Was ist der zweite Faktor?

Unsere Etablissements werden mindestens alle zwei Jahre vor Ort geprüft; bei auftauchenden Problemen häufiger. Dazu setzen wir, anonym, rund ein Dutzend eigener Inspektoren ein. Sie testen, kontrollieren, sprechen Schwächen an und verfolgen den Verbesserungsprozess.

Und wenn sich ein Mitgliedhotel nicht verbessern kann?

Dann beenden wir unsere Zusammenarbeit.

Und können so letztlich das Image Ihrer Marke hochhalten.

Absolut. Wir bieten ein Premiumprodukt, und unsere Kundschaft erwartet das auch von uns. Unser Publikum ist durchschnittlich 49 Jahre alt, reist häufig, bringt eigene Erfahrung mit und kann genau definieren, was es während einem Urlaub erleben will.

Dementsprechend hoch müsste dann der Anteil an Stammkunden sein?

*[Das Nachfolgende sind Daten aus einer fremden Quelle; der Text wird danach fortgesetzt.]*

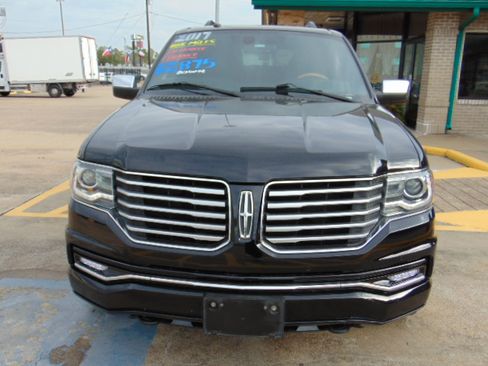 Used 2017 Lincoln Navigator L Reserve image 3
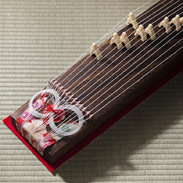 観賞用ミニ琴“琴太朗君” 有限会社たましげ 山口県 日本国内に現存する数少ない琴工房が丹精込めて造り上げた観賞用のミニ琴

Das ist auch so, es sind stolze 41 Prozent Wiederholungskunden, auch wenn ein Grossteil davon wohl hauptsächlich bei einem Mitgliedshaus bleibt.

Welche Rolle spielt die Schweiz?

Sie ist sehr wichtig für uns, sowohl als Markt wie auch als Standort von doch 22 Betrieben in der Schweiz und in Liechtenstein. Die Schweizer Kundschaft liefert immerhin 5,4 Prozent der globalen Übernachtungen, was angesichts der Bevölkerungszahl hervorragend ist. Unsere grössten Quellmärkte sind die USA, Grossbritannien und Frankreich.

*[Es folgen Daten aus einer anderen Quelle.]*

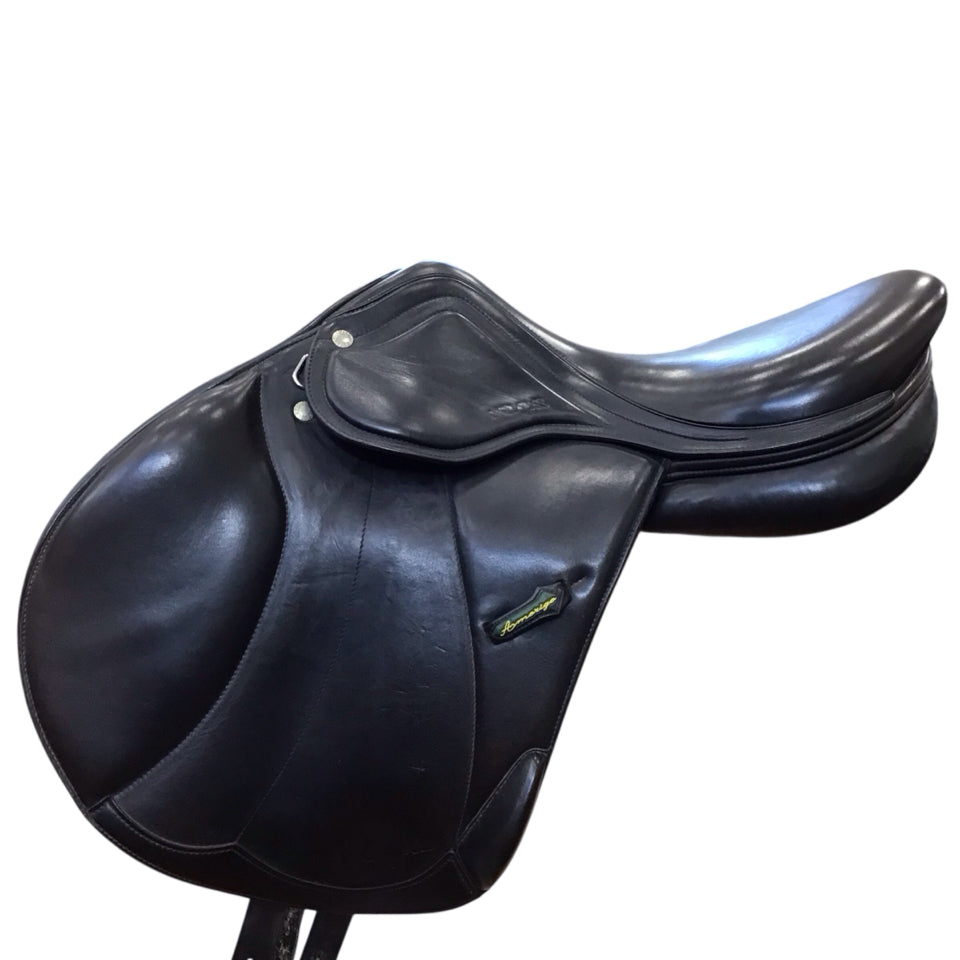 16" Amerigo Vega Medium Used Childs Hunter/Jumper Saddle - H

Welches sind des Schweizers bevorzugte Reiseziele?

Interessanterweise bleiben 54 Prozent aller Schweizerinnen und Schweizer im eigenen Land.

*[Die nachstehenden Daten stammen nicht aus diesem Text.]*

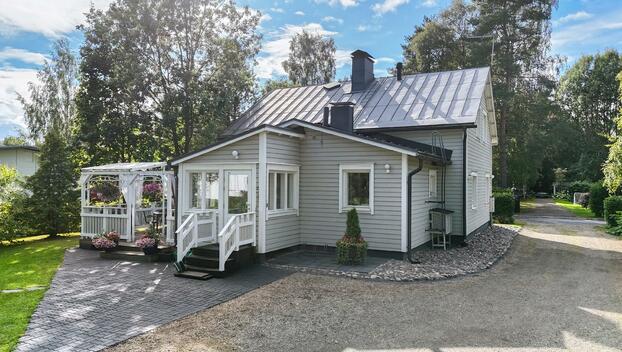Sariolankatu 4, Karsikko, Joensuu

Die einzelnen Hoteliers dürften es schätzen, wenn deren Gäste als Stammkunden bei ihnen bleiben?

Das ist in der Tat eine Herausforderung für uns. Häufig wissen unsere Gäste in einem einzelnen Hotel gar nicht, dass es zur R&C-Vereinigung gehört respektive dass es in der Gruppe noch viele weitere schöne Destinationen gibt.

Das heisst, die einzelnen Betriebe sind wenig interessiert, ein «Cross-Selling» anzubieten?

Unsere Hoteliers sind Kleinunternehmer, die sich logischerweise zuerst für ihre Interessen einsetzen und erst danach für die Gruppe. Damit können wir aber leben – letztlich entscheidend ist das Erlebnis jedes Gastes, und wie er danach darüber denkt und darüber kommuniziert. Jedes Hotel vermarktet sich selbst und wir als Relais & Châteaux versuchen, die Flagge der Gruppe hochzuhalten.

Würde ein Loyalitätsprogramm, wie beispielsweise Miles & More, helfen?

Das würde bei uns nicht funktionieren, weil über erfolgte Buchungen ja Rabatte vergeben würden, die ein anderer Hotelier dann auf eigene Kosten einlösen müsste. Da jedes Mitglied selbstständig ist, können wir kein gemeinsames Programm anbieten.

Trotzdem, Sie müssen eine riesige Kundendatei besitzen?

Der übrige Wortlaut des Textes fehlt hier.